BACKGROUND ART [0002] The background art of the present invention is disclosed in Korean Patent Laid-Open Publication No. 2010-0040181 (published on Apr. 19, 2010, entitled "Photovoltaic Power Generation Device").

There is a problem that an electric current is leaked through a connection portion between the optical module and the fixing base in the related art to generate electric loss.

Therefore, there is a need to improve this.

SUMMARY OF THE INVENTION It is an object of the present invention to provide a photovoltaic power generation system in which a connection portion between an optical module and a fixing base is insulated to prevent electric loss.
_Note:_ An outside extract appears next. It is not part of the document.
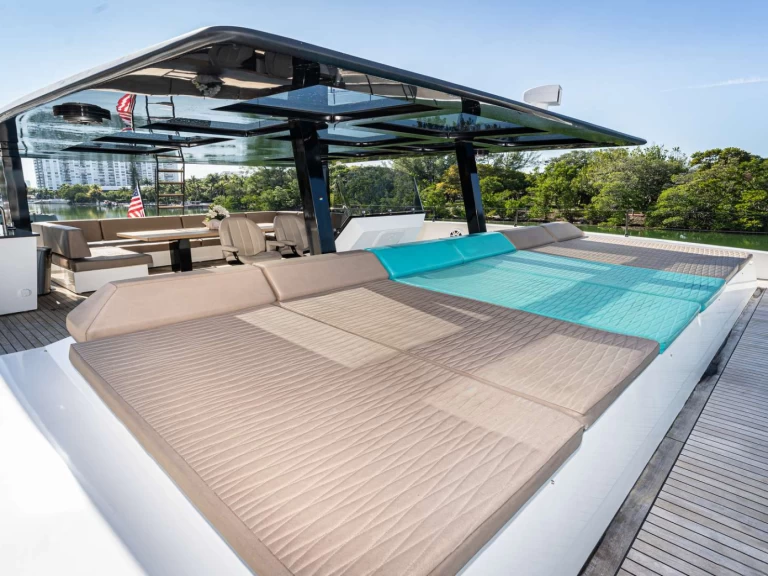 Ein Sunreef ISLAND MAJESTY mieten in Miami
A solar photovoltaic device according to one aspect of the present invention includes: a fixing part fixedly installed on a fixture; An optical module unit mounted on the fixing unit and generating electricity by solar light; And an insulation unit for shielding an electrical loss to a connection site between the fixing unit and the optical module unit.

The fixing portion includes: a fixing plate mounted on the fixture; A support plate rotatably mounted on the fixing plate and coupled with the optical module unit; A guide plate mounted on the fixing plate and having a guide hole; And a control plate which is moved along the guide hole and is coupled to the guide plate, and is rotatably mounted on the support plate to adjust the angle of the support plate.

The insulating portion may be an insulating pad disposed between the fixing portion and the optical module portion.

And the insulating portion is an insulating tape disposed between the fixing portion and the optical module portion.

The insulating portion is an insulating layer for coating the fixing portion and the optical module portion.

The photovoltaic device according to one aspect of the present invention may further include a coupling part for coupling the fixing part and the optical module part, wherein the coupling part includes an insulating material.

A photovoltaic device according to another aspect of the present invention includes: a fixed frame mounted on a fixture and having a fixing groove in a longitudinal direction; A cell module unit mounted on the fixture unit and generating electricity by sunlight; A tightening portion which is engaged with the fixing groove portion and urges the cell module portion; And a non-conductive portion for blocking an electric loss to a connection portion between the fixing frame portion and the cell module portion.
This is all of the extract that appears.